Sunday, 10 October 2021

"Now we're short of bus drivers!"

From The Daily Mail:

The driver shortage across the UK has now spread into the bus network as public transport staff swap bus routes for work as truckers.

The wage increase promised to attract new HGV hauliers has led public transport staff to make a change, impacting the number of journey's on offer and resulting in the axing of others. Bus drivers can earn £32,500 on average, but can now earn up to £78,000 behind the wheel of a lorry instead.

Well of course, this was bound to happen. Anybody who's mastered the skill of negotiating buses through congested cities and along narrow country lanes (as well as the stress of idiot passengers and trying to stick to the timetable) will master lorry driving within a couple of days.

So then wages for bus drivers will go up a bit, and more people will train up to be bus drivers, ex-bus drivers will go back into bus driving etc.

In free markets, this sorts itself out, usually much sooner that you'd expect. And on another bright note, my assumption that the petrol queues would fizzle out after two weeks appears to have been correct. I went for 'two weeks' because that is the typical gap between visits, there is of course a wide spread.


dustybloke said...


Rich Tee said...

The free market doesn't seem to work for public transport though. Most countries subsidise it to some extent and it has a history of bankruptcy and failure. Even Amtrak is part-owned by the US government.

Most of the income comes from commuters and that stream has fallen off due to home working. Now the bus companies will have to pay higher wages to drivers, which will feed back into higher fares, which are already too high for an inferior service (economic definition of inferior).

I think we will see wholesale nationalisation of public transport.

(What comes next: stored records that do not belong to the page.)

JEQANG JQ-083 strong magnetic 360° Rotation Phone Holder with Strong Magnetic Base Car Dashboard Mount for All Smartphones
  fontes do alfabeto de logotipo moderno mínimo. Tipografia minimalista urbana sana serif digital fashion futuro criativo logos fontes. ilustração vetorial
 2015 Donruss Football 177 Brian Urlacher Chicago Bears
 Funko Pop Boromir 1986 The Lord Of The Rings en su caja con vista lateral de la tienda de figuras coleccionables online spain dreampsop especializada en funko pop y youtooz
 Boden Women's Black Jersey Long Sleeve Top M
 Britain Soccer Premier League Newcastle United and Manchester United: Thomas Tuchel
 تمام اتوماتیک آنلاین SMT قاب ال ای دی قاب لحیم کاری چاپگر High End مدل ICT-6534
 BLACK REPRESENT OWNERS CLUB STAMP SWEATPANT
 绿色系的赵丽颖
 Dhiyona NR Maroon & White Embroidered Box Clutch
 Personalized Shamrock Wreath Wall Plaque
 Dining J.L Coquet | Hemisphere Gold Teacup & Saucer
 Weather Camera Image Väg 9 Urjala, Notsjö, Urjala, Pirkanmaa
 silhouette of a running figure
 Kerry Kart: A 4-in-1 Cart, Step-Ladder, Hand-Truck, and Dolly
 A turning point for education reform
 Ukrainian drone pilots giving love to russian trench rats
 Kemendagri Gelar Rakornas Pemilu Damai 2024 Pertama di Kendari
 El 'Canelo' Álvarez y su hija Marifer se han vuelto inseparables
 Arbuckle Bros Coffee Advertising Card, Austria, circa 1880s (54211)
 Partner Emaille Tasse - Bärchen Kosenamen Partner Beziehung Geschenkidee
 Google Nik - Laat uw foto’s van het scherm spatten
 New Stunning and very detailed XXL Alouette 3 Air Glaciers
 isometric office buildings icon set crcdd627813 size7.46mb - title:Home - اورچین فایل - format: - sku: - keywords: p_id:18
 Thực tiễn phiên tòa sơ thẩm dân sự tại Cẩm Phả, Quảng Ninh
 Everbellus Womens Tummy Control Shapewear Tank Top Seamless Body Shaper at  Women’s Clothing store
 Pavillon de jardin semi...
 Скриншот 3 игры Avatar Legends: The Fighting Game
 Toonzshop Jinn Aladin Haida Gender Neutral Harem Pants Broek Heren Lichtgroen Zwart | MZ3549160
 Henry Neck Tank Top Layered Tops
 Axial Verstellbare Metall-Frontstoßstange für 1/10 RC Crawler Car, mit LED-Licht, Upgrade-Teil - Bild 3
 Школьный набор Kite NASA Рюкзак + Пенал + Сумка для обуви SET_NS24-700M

Much of it is effectively nationalised already.

Bayard said...

RT, the free market doesn't work for public transport in the developed world because it is outcompeted by private transport, except for air travel, where it isn't. Carrying passengers has never been a particularly profitable business compared to carrying freight.
Governments have to decide whether they subsidise public transport as a service, or have none. Our government can never make up its mind. It was interesting that, for Margaret Thatcher, when it came to subsidising the railways, they were a business, but when they went on strike, they were a service.

Mark Wadsworth said...

DB, I am familiar with that luke-warmenist site.

RT, this is not the time or place to argue the costs (huge) and benefits (even huger, if done properly) of public transport.

The point is there is a free market in labour - and public transport have to approx. match the wages of equivalent private sector jobs.

B, good points, ta.

Matt said...

Bus to town for me is £3.20 so if I had to go with the missus it'd be £6.40 - can you guess what a taxi costs? Plus that is door-to-door instead of walking a mile to the bus stop.

Mark Wadsworth said...

M, I guess the taxi is about £6?

Matt said...

And you would be correct. For one it makes some sense assuming you're not carrying anything large/heavy, for two you might as well get the taxi.

Robin Smith said...

Are you saying there is such a thing as a free market. Or even, that the greater part of the market is free?

That would be quite a surprise from a Georgeist high priest

Mark Wadsworth said...

M, ta.

RS, no market is 100% frictionless free. Bus drivers still have to retrain, get a certificate, pay a few quid fee etc. Those are very low barriers to entry. But that's as close to free as we can get, so it might delay the transition slightly but the end result is correct.

Lola said...

Petrol Queues/shortages. Just been on a bit of tour of the UK. Two weeks. Ipswich to Milton Keynes. Then Hope Valley. Then Greta Bridge. Back to Hunstanton and then home.
No queues at all. Sometimes no Shell V Power. So no problem. Anywhere.